REQUIRED ACTION =>
Please return the lines from the one with "Slide: The Image" through the end of the listing below, word for word, with every picture left out.

——————

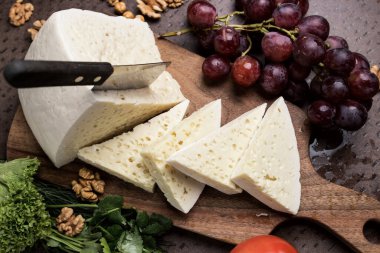 Tahtada üç köşeli peynir dilimleri. Etrafta bir sürü sebze ve üzüm var. Üstten yakından bak. Gürcistan mutfağı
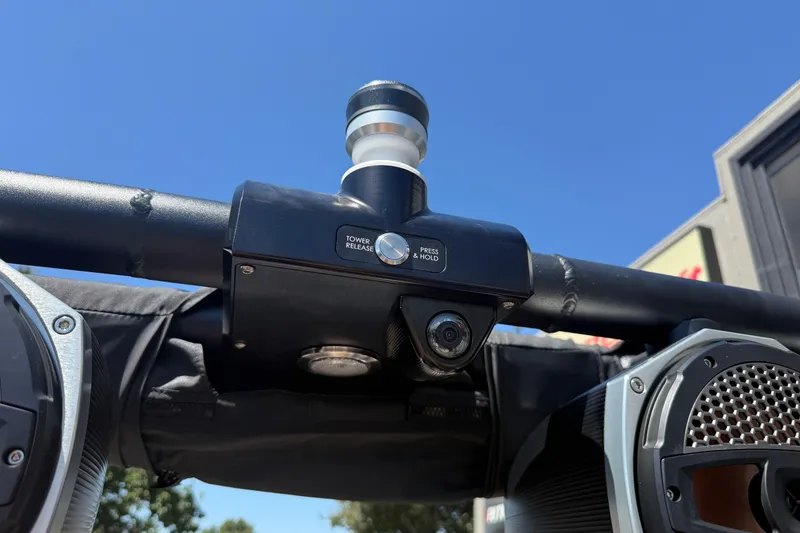 Slide: The Image of 2024 MasterCraft X24 tower release mechanism with camera and speakers under clear blue sky. - 33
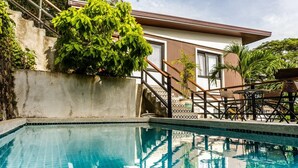 Ein Schwimmbecken mit Betonrand, einer Holzterrasse und einer Treppe zu einem Gebäude mit großen Fenstern.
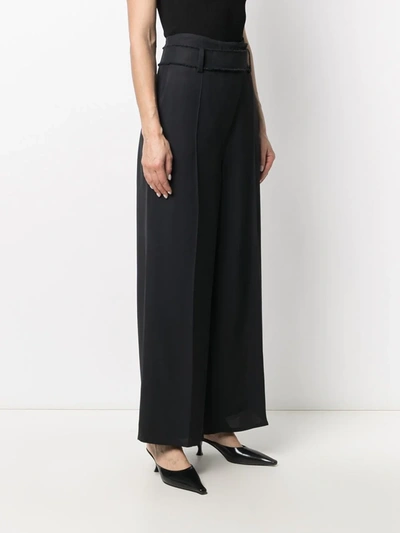 Shop Aeron High-rise Belted Trousers In Black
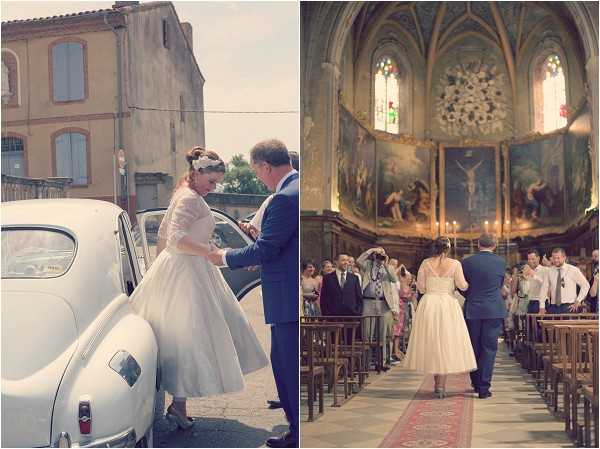 A diptych of two wedding ceremony images with a vintage aesthetic. On the left, the bride is stepping out of a classic white Citroën 2CV or similar vintage French car, assisted by a man in a navy blue suit; she wears a 1950s-style tea-length white dress with lace three-quarter sleeves and a small hair accessory, paired with dark heels. On the right, the bride and her escort walk down the aisle of an ornate French Catholic church featuring large religious mural paintings, gothic vaulted ceilings, stained glass windows, wooden pews, and lit candles at the altar, with approximately 30–40 guests seated and standing on either side; the overall styling is retro-vintage with a 1950s bridal silhouette. Both images have a soft, slightly faded film-toned color treatment.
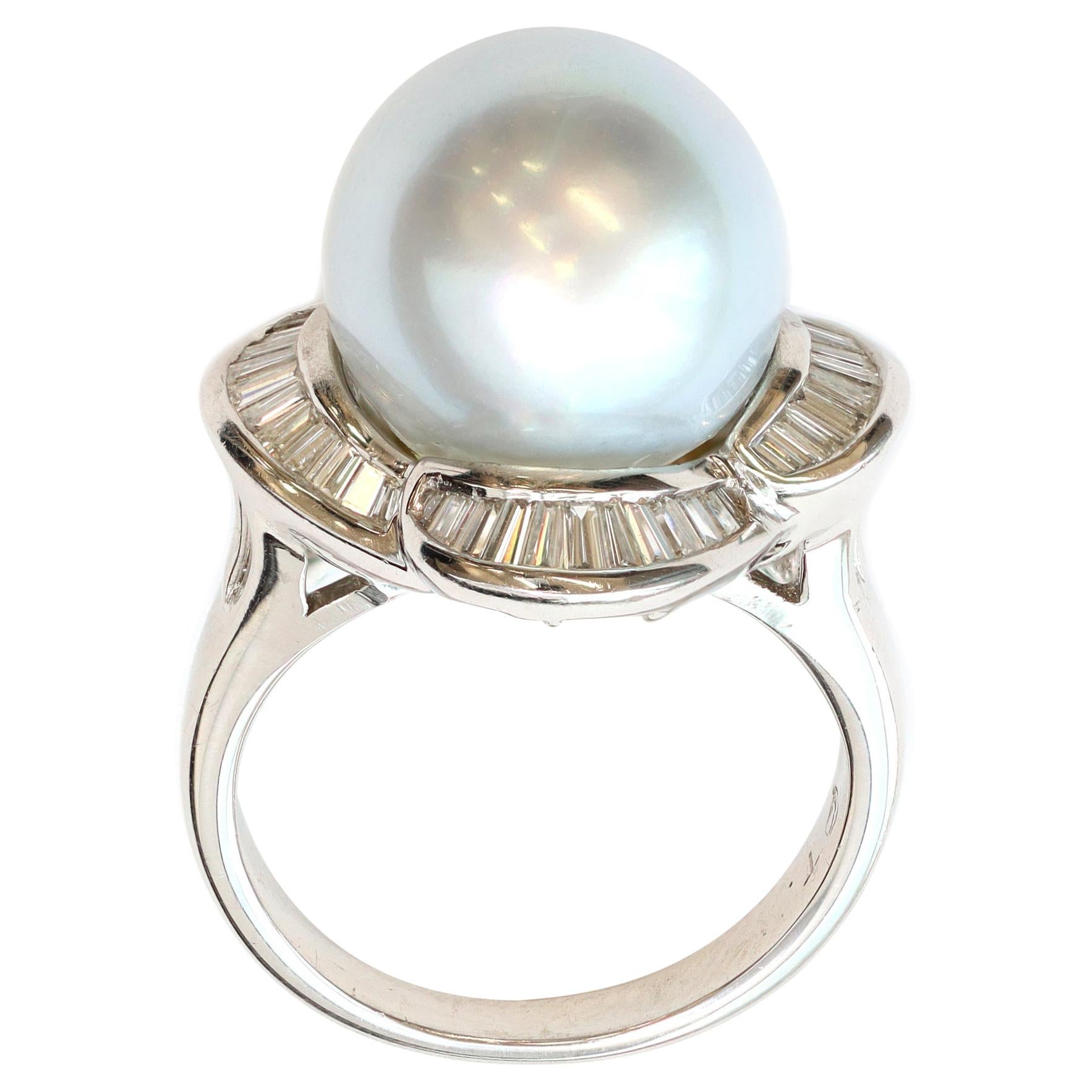 A ballerina style cocktail ring circa 1980 featuring a round south sea pearl with baguette diamonds set in platinum in a scalloped style mounting. The large white silvery pearl presents minor surface inclusions and measures 13 millimeters. The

——————

ANSWER FOR THIS EXERCISE =>
 Slide: The Image of 2024 MasterCraft X24 tower release mechanism with camera and speakers under clear blue sky. - 33
 Ein Schwimmbecken mit Betonrand, einer Holzterrasse und einer Treppe zu einem Gebäude mit großen Fenstern.
 Shop Aeron High-rise Belted Trousers In Black
 A diptych of two wedding ceremony images with a vintage aesthetic. On the left, the bride is stepping out of a classic white Citroën 2CV or similar vintage French car, assisted by a man in a navy blue suit; she wears a 1950s-style tea-length white dress with lace three-quarter sleeves and a small hair accessory, paired with dark heels. On the right, the bride and her escort walk down the aisle of an ornate French Catholic church featuring large religious mural paintings, gothic vaulted ceilings, stained glass windows, wooden pews, and lit candles at the altar, with approximately 30–40 guests seated and standing on either side; the overall styling is retro-vintage with a 1950s bridal silhouette. Both images have a soft, slightly faded film-toned color treatment.
 A ballerina style cocktail ring circa 1980 featuring a round south sea pearl with baguette diamonds set in platinum in a scalloped style mounting. The large white silvery pearl presents minor surface inclusions and measures 13 millimeters. The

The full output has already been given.